Upmarket areas such as Palaio Psychico see the biggest divergence between properties’ market rates and taxable values.
The divergence between so-called “objective values,” or property rates used for tax purposes and actual market prices, is as high as 70 percent in some cases, according to recent transaction data. It is a difference that continues to burden owners, buyers and sellers alike, even though objective values were adjusted downward a year ago.
Commercial values remain significantly lower, whether this concerns houses or commercial properties, and the difference is even greater in areas with high objective values, which are completely obsolete.

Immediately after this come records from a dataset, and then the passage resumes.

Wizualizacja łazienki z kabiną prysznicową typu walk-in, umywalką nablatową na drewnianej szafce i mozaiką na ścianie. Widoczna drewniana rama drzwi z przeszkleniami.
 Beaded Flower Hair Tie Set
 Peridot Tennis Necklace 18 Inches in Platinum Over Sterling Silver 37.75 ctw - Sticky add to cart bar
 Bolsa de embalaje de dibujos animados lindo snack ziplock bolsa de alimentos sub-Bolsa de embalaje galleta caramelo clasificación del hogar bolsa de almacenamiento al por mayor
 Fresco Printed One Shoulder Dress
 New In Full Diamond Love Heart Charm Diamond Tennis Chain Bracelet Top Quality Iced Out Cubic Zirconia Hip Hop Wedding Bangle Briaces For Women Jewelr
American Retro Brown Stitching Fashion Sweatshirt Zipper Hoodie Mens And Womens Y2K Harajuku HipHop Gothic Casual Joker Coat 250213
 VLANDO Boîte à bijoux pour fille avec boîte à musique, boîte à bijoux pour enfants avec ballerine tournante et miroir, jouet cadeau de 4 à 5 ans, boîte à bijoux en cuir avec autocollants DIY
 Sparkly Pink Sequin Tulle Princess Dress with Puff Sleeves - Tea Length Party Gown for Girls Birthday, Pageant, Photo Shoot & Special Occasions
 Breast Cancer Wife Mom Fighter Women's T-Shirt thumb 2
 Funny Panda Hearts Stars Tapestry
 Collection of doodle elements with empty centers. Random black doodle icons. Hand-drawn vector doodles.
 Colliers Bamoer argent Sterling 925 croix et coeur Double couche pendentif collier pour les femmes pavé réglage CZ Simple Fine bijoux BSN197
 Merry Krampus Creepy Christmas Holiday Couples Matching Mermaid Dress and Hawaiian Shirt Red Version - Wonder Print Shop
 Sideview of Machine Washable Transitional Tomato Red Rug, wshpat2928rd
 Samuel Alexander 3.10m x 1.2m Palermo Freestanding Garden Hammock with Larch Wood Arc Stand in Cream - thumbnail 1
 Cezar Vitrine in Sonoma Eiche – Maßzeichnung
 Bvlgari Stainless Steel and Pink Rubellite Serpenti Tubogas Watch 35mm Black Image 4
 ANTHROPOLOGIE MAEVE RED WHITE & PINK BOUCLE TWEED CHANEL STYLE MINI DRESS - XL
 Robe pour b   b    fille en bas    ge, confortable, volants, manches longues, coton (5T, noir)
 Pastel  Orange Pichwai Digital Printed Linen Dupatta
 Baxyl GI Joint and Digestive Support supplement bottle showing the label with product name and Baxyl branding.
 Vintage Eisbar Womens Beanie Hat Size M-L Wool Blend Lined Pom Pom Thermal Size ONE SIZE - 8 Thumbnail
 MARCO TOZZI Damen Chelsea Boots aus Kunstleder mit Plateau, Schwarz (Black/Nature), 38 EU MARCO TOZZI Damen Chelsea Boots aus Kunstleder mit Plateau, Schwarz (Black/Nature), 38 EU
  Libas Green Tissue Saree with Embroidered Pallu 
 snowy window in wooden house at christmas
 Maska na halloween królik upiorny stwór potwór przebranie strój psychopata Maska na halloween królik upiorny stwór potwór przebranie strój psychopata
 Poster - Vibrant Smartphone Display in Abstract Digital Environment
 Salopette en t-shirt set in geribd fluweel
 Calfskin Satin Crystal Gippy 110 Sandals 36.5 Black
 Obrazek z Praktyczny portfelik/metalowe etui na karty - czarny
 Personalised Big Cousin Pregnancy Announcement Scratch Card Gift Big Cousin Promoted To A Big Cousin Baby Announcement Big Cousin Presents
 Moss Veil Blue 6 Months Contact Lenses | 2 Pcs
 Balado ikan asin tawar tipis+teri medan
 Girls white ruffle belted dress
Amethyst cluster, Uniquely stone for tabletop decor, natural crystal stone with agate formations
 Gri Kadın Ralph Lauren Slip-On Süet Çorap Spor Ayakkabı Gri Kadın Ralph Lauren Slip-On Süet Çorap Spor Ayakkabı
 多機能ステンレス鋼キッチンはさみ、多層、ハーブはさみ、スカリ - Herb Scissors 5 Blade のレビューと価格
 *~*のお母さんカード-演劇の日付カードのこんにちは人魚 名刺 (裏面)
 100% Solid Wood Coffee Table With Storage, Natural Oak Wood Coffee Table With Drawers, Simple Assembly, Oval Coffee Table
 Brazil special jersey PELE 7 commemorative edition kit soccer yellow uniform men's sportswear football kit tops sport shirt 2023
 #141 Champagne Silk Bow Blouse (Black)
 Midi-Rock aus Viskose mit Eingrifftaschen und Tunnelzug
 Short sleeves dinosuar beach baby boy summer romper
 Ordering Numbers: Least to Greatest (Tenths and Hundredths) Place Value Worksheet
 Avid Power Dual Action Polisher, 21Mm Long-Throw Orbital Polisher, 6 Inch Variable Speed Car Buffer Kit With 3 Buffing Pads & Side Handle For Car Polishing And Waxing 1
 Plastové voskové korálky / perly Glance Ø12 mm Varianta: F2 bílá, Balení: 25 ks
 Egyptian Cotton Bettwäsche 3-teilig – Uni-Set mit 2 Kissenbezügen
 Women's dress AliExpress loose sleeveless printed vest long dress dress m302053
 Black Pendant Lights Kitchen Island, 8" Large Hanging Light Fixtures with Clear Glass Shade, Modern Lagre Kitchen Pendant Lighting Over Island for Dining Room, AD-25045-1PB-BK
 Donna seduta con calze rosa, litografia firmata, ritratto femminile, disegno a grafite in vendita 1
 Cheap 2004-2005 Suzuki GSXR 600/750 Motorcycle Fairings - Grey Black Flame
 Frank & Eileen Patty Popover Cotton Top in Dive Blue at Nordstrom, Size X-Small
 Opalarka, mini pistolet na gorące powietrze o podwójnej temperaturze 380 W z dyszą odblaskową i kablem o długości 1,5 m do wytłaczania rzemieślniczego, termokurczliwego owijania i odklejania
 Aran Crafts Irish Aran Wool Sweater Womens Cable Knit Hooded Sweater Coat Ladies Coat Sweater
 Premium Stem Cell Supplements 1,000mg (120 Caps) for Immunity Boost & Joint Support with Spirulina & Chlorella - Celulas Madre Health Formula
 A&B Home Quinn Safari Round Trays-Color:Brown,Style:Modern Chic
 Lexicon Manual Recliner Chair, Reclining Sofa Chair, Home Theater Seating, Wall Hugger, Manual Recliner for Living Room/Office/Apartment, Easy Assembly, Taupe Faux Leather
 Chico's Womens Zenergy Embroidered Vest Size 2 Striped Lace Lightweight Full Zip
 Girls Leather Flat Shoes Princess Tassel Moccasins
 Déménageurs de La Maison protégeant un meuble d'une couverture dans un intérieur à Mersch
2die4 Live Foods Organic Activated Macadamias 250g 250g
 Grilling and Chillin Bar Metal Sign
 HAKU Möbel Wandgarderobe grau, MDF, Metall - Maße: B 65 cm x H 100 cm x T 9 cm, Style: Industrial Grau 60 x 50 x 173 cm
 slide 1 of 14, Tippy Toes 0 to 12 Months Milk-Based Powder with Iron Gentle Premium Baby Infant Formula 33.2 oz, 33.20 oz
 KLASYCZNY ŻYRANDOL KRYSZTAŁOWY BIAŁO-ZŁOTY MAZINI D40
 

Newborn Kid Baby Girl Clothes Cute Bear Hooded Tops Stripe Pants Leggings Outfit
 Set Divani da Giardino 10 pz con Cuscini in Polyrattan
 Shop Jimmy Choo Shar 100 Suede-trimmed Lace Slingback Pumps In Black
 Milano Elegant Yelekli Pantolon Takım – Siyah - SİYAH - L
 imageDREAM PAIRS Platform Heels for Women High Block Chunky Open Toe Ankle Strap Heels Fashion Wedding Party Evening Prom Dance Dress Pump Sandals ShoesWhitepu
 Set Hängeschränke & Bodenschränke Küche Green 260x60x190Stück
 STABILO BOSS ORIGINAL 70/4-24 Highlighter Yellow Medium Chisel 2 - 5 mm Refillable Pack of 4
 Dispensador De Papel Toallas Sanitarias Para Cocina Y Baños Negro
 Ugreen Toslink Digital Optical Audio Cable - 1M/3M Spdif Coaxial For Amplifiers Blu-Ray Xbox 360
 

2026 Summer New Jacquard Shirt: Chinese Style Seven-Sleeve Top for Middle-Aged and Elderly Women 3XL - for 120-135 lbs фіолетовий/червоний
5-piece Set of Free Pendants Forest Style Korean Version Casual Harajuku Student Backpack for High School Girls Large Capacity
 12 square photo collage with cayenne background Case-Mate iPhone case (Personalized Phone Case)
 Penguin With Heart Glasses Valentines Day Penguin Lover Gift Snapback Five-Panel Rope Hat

In the northern Athenian suburb of Palaio Psychico, for instance, a 350-square-meter detached house was recently sold for 1 million euros, while its objective value (on which the Single Property Tax, or ENFIA, is calculated) is set at 3.2 million euros. Similarly in nearby Halandri, a 40-year-old flat was sold at 20 percent below its objective value, and a 1982 apartment in Argyroupoli, eastern Athens, was sold 31.25 percent below its taxable price.
Lefteris Potamianos, vice-president of the Athens-Attica Estate Agents Association, explains to Kathimerini that the larger a property’s surface and the more exclusive its location, the bigger will be the difference between its market rate and objective value.
“This is due to the fact that objective values are calculated according to parameters such as the properties’ size and the qualitative features of each area. Therefore, while in the eyes of the taxman a property may appear expensive, in practical terms this is not reflected in the going rate, as the market remains at very low levels,” says Potamianos.
The situation exacerbates the injustice owners suffer as they continue to pay taxes based on high objective values, which they are unable to capitalize on as they are far from the market reality.
The gap between taxable and market rates remains wide despite a ruling last year by the Council of State that forced an adjustment. This is because the implementation of an automatic adjustment system that would match objective values to market prices has not gotten off the ground yet, even though it had been a prior action demanded in the government’s previous midterm fiscal plan. The latest deadline set for the system to start operating is January 1, 2018, but no one is certain it will be ready by then either.